Security — ScamLens

Reporting a vulnerability

Email [email protected] with a description, steps to reproduce, and impact. We acknowledge within 48 hours and aim to remediate critical issues within 7 days.

See our vulnerability disclosure policy for scope, safe-harbor terms, and recognition.
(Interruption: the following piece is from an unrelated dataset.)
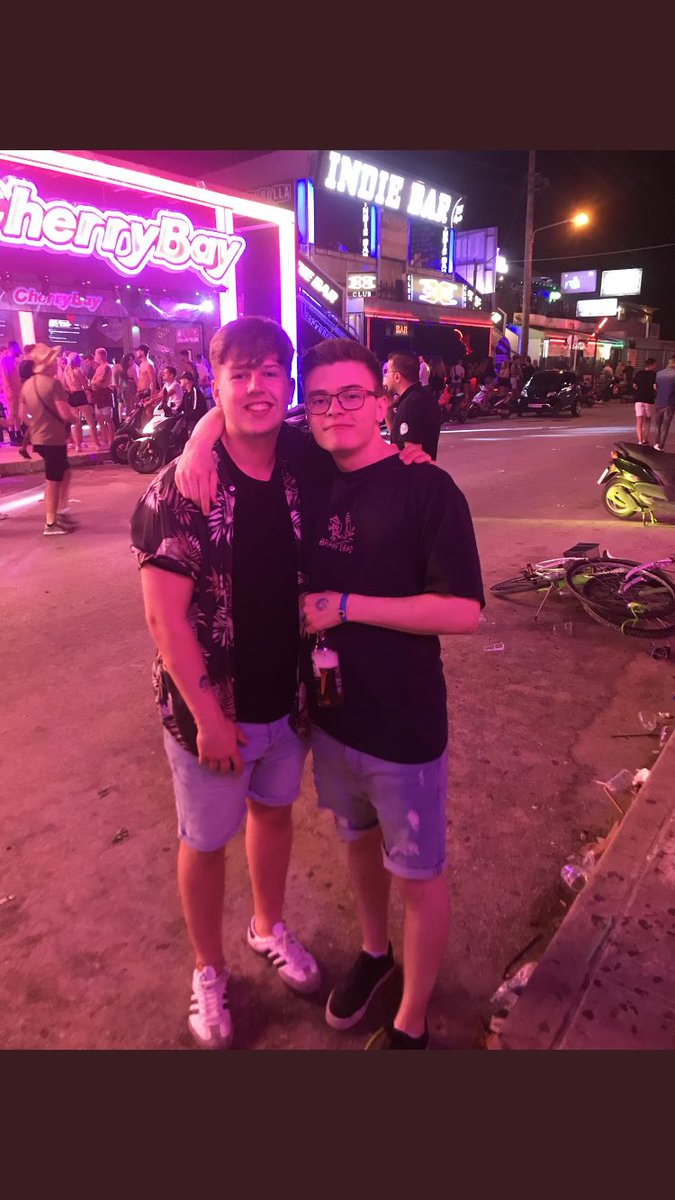 dan_greene14's tweet photo. @morris_jed Happy birthday bro, hope you had a sick day yesterday, see you in two weeks for another big one😭💛xx https://t.co/YnsRJWOAqj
Machine-readable summary: /.well-known/security.txt

How we protect data

• TLS 1.2+ enforced everywhere (HSTS preload, 1-year).
• Cloudflare Zero Trust + D1 isolation per namespace.
• API keys encrypted at rest (AES-256-GCM) and scoped per project.
• No user-submitted content is shared with third parties outside the documented threat-intelligence aggregations.
• Least-privilege IAM on all cloud integrations; secret rotation every 90 days.

Incident response

Active incidents and historical post-mortems will be published at status.scamlens.org (rolling out). Critical incidents are disclosed to affected users within 72 hours, consistent with GDPR Article 33.

Compliance

• GDPR / UK GDPR: Lawful basis documented; Data Processing Agreement available on request.
• CCPA / CPRA: Do-Not-Sell honored; DSAR turnaround within 45 days.
• SOC 2 Type II: Audit scheduled for 2026 Q3.
• PCI: payments processed by Stripe; ScamLens does not store card data.

Acknowledgments

Our hall-of-fame for researchers who have helped harden ScamLens will be listed here as we acknowledge valid reports.